• **What to produce**
When you return the data, keep every line exactly as it is and leave out the pictures.

──────────

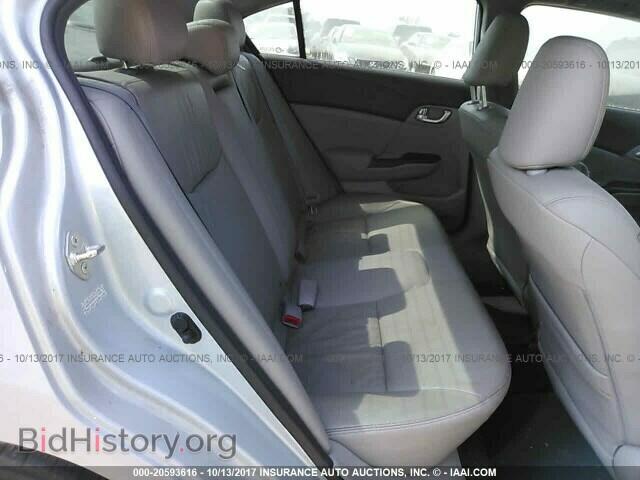 2012 Honda Civic - VIN: 2HGFB2F99CH517840 - Photo 8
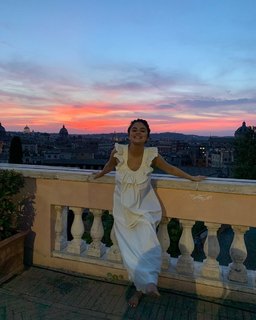 Selena Gomez feet photo thumbnail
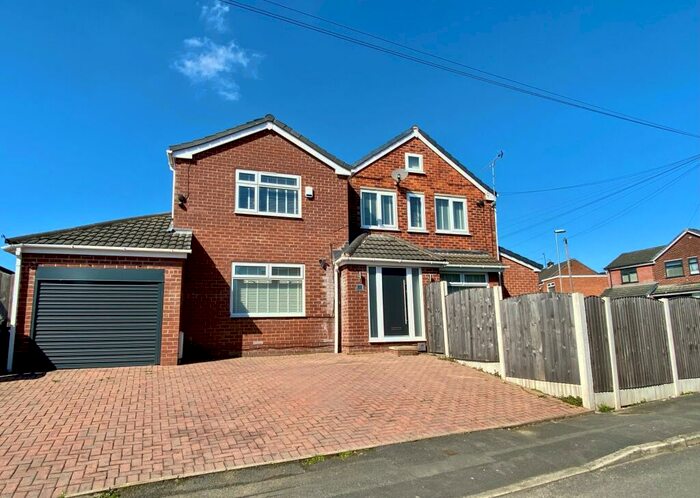 4 Bedroom House To Rent In Leicester Road, Failsworth, M35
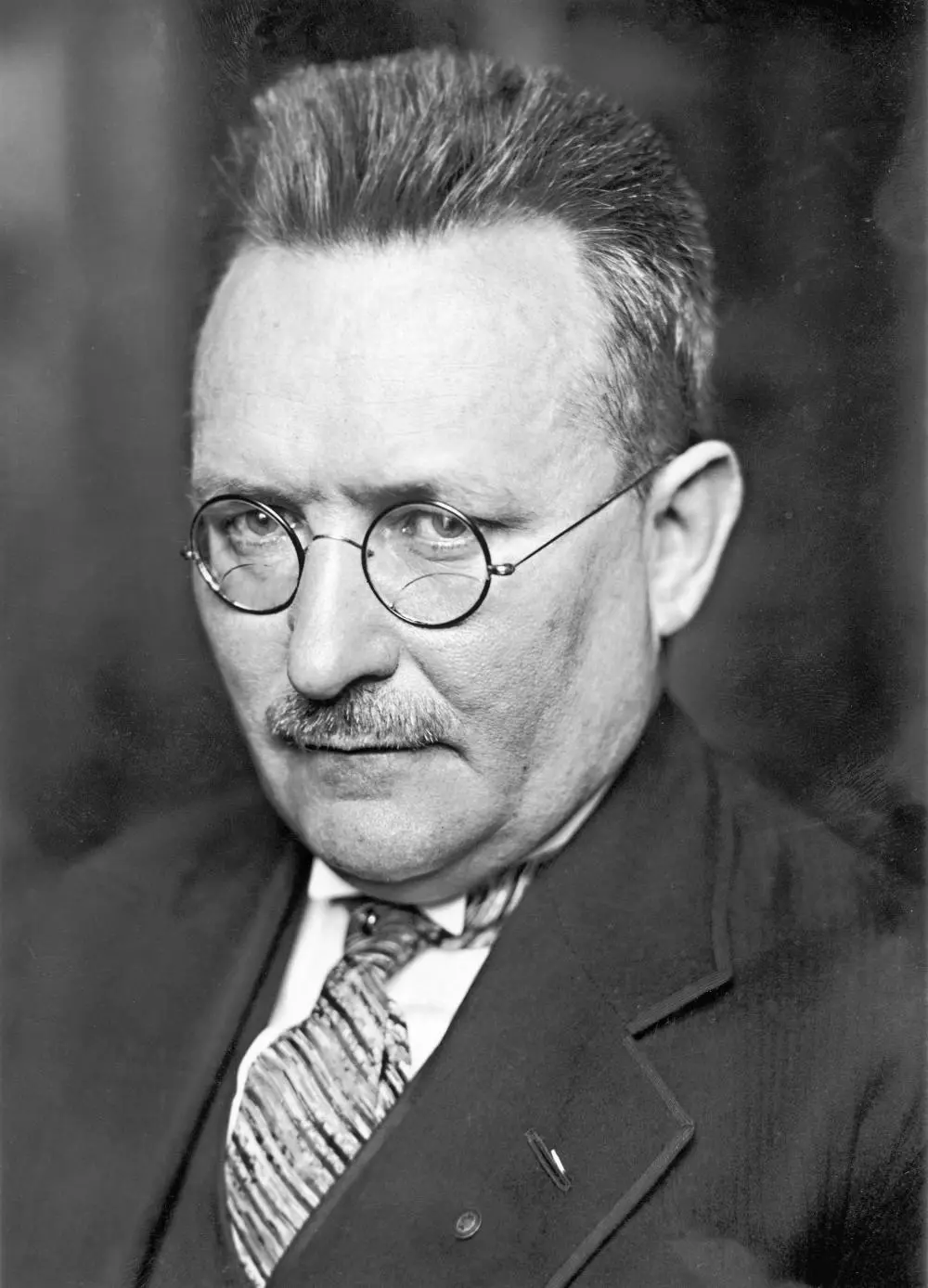 Porträt von Paul Löbe mit Brille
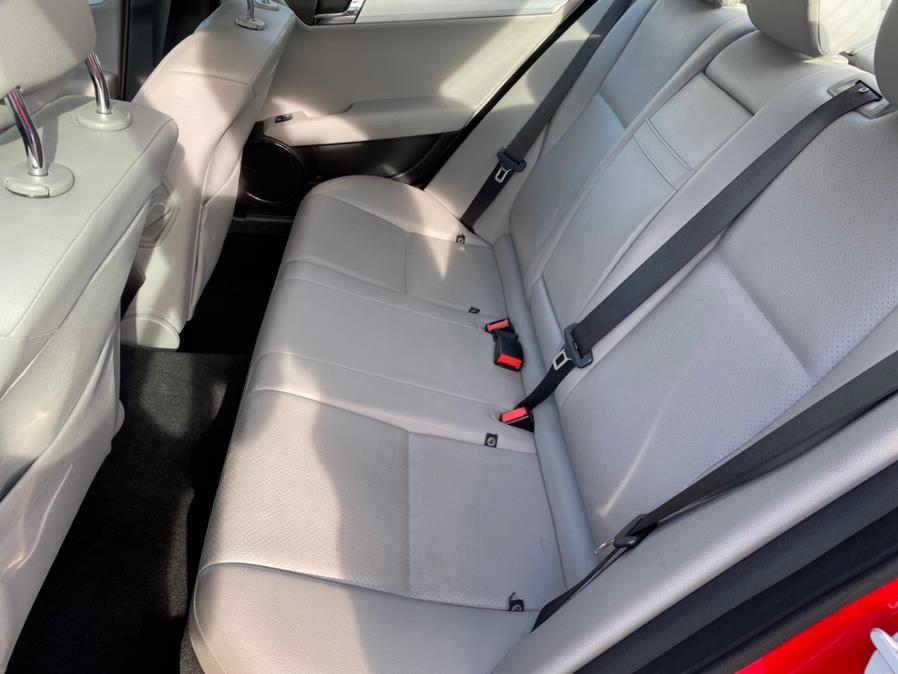 Used Mercedes-Benz C-Class 4dr Sdn 3.0L Luxury 4MATIC 2008 | Lava Motors 2 Inc. Canton, Connecticut Used Mercedes-Benz C-Class 4dr Sdn 3.0L Luxury 4MATIC 2008 | Lava Motors 2 Inc. Canton, Connecticut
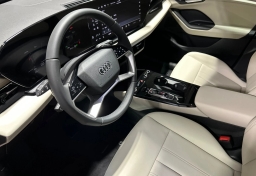 Audi Q6 e-tron Premium quattro 2025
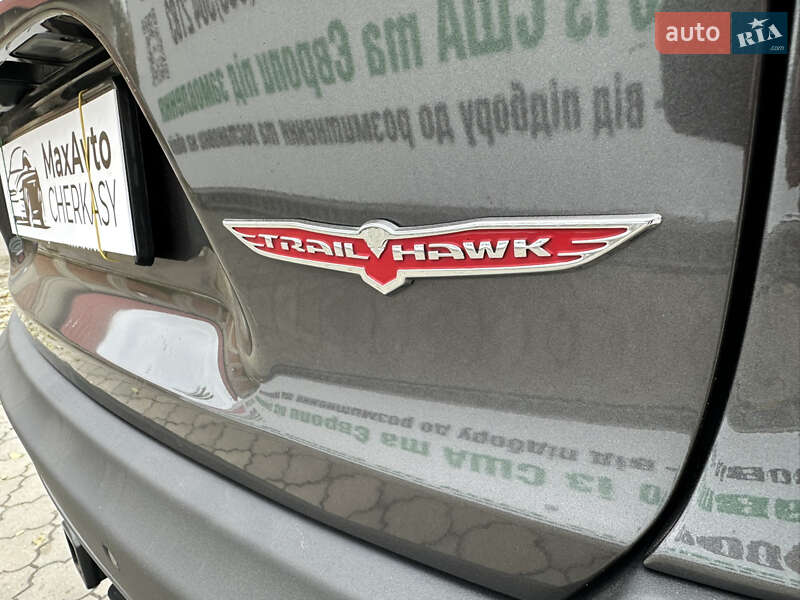 Внедорожник / Кроссовер Jeep Cherokee 2019 в Черкассах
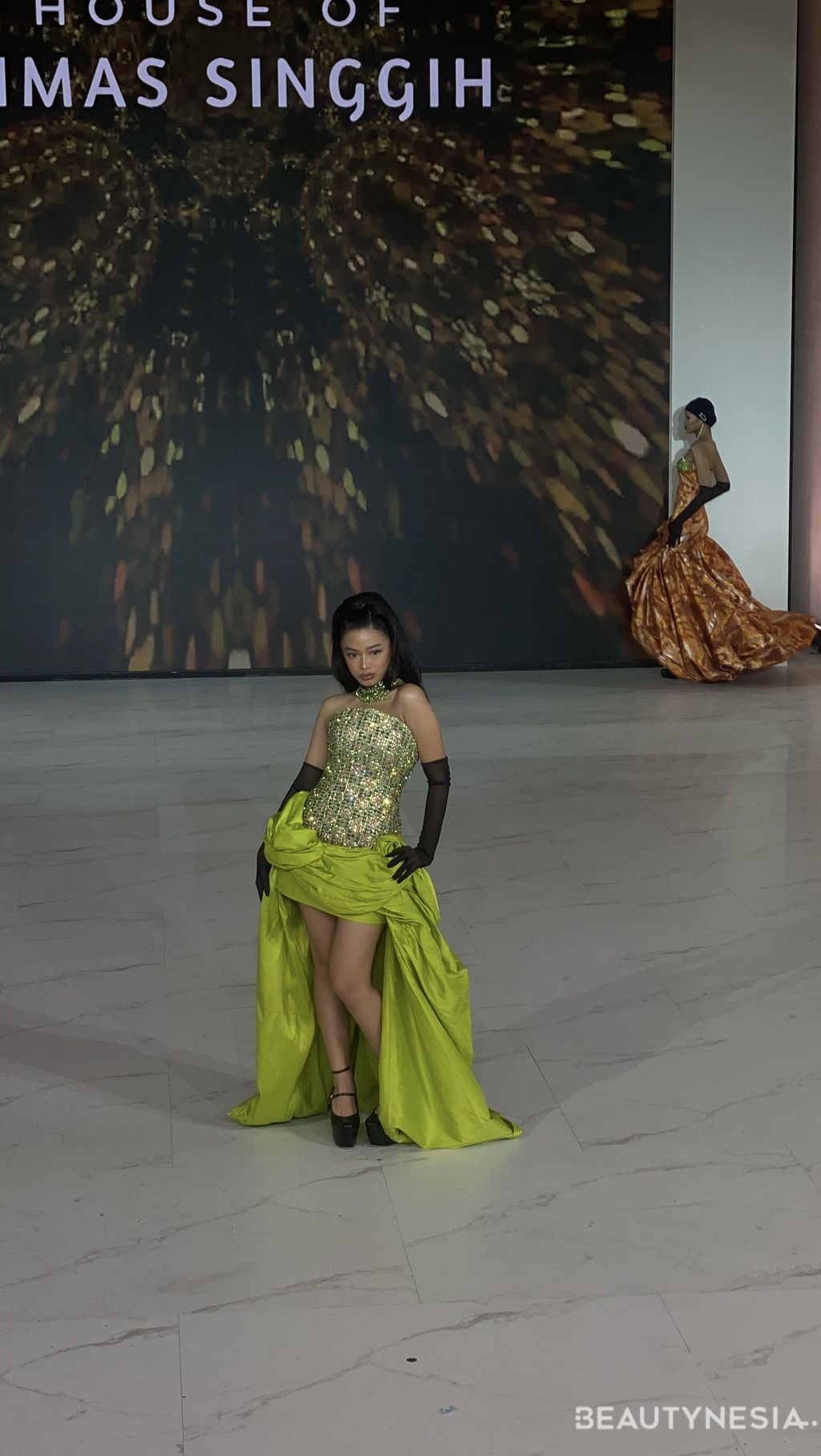 Dimas Singgih dan Koleksi Neo Classic yang Glamor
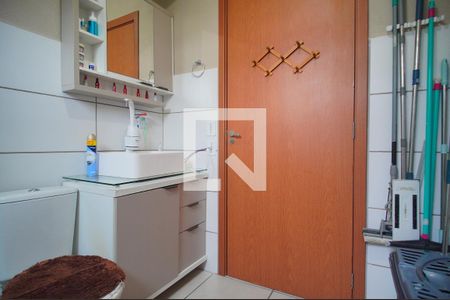 Banheiro de apartamento à venda com 2 quartos, 50m² em Canudos, Novo Hamburgo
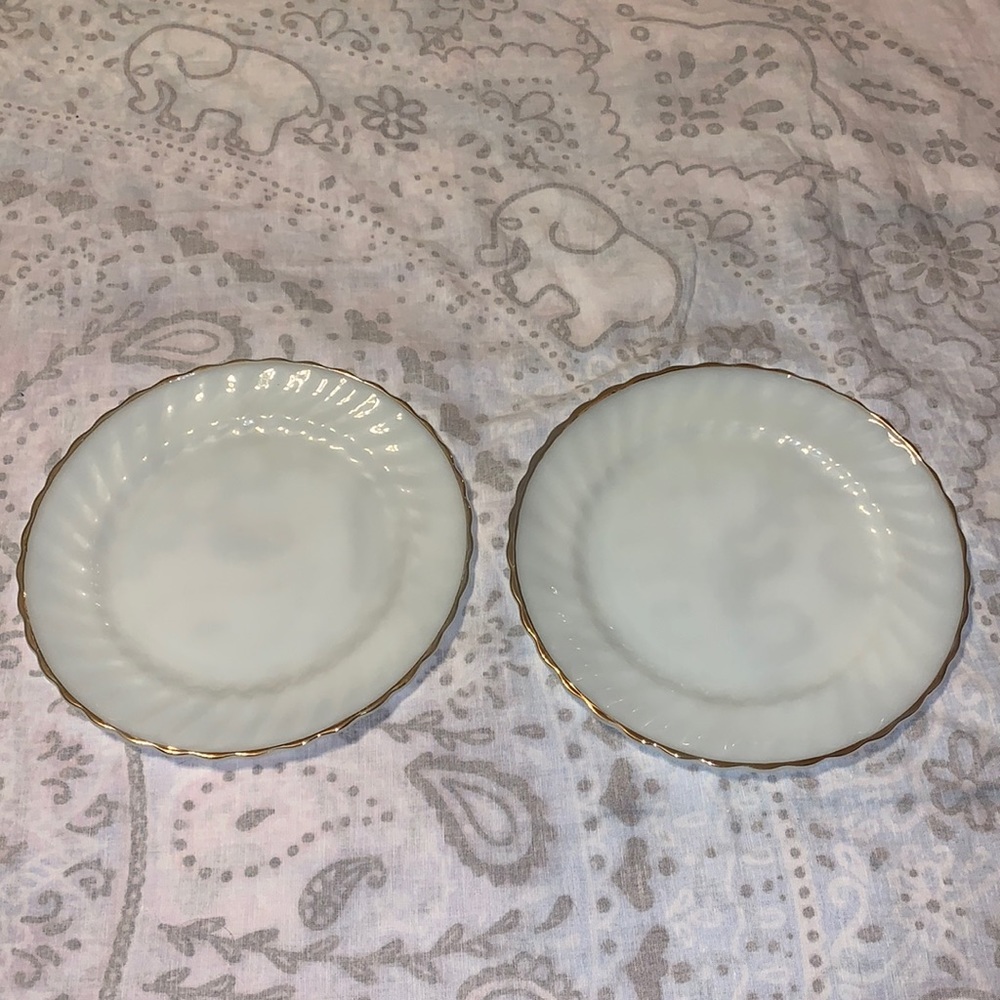 2 Fire King White Swirl Gold Trim Dinner Plates Vintage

──────────

• **Expected answer**
 2012 Honda Civic - VIN: 2HGFB2F99CH517840 - Photo 8
 Selena Gomez feet photo thumbnail
 4 Bedroom House To Rent In Leicester Road, Failsworth, M35
 Porträt von Paul Löbe mit Brille
 Used Mercedes-Benz C-Class 4dr Sdn 3.0L Luxury 4MATIC 2008 | Lava Motors 2 Inc. Canton, Connecticut Used Mercedes-Benz C-Class 4dr Sdn 3.0L Luxury 4MATIC 2008 | Lava Motors 2 Inc. Canton, Connecticut
 Audi Q6 e-tron Premium quattro 2025
 Внедорожник / Кроссовер Jeep Cherokee 2019 в Черкассах
 Dimas Singgih dan Koleksi Neo Classic yang Glamor
 Banheiro de apartamento à venda com 2 quartos, 50m² em Canudos, Novo Hamburgo
 2 Fire King White Swirl Gold Trim Dinner Plates Vintage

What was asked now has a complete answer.